▶ [What the task requires]:
From the line that includes "Wrangler แท้ รุ่น" to the last line of the data, quote each line precisely; both boundary lines belong in the answer.

▶ [Material for this exercise]:
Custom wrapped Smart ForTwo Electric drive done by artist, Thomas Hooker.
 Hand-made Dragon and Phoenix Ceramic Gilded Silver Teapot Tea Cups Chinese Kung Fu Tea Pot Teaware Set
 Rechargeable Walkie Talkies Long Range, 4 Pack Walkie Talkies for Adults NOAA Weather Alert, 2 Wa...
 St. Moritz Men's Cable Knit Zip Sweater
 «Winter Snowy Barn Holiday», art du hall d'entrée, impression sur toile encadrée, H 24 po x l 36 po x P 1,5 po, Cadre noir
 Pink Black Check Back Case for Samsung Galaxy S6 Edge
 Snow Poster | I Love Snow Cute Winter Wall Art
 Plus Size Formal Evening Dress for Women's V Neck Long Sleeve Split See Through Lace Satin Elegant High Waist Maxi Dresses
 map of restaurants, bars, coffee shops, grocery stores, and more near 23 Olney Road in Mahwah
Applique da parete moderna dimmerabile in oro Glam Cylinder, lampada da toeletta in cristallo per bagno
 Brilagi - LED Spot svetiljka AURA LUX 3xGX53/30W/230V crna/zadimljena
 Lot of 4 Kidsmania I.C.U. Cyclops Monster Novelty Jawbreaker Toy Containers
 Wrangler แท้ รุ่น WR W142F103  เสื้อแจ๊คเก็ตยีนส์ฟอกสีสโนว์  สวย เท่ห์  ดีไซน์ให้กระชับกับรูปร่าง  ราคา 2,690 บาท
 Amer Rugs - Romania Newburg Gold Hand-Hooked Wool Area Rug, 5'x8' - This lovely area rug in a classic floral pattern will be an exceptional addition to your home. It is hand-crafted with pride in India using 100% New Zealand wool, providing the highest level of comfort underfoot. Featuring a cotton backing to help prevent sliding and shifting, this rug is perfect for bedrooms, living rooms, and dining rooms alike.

▶ [Result for this task]:
 Wrangler แท้ รุ่น WR W142F103  เสื้อแจ๊คเก็ตยีนส์ฟอกสีสโนว์  สวย เท่ห์  ดีไซน์ให้กระชับกับรูปร่าง  ราคา 2,690 บาท
 Amer Rugs - Romania Newburg Gold Hand-Hooked Wool Area Rug, 5'x8' - This lovely area rug in a classic floral pattern will be an exceptional addition to your home. It is hand-crafted with pride in India using 100% New Zealand wool, providing the highest level of comfort underfoot. Featuring a cotton backing to help prevent sliding and shifting, this rug is perfect for bedrooms, living rooms, and dining rooms alike.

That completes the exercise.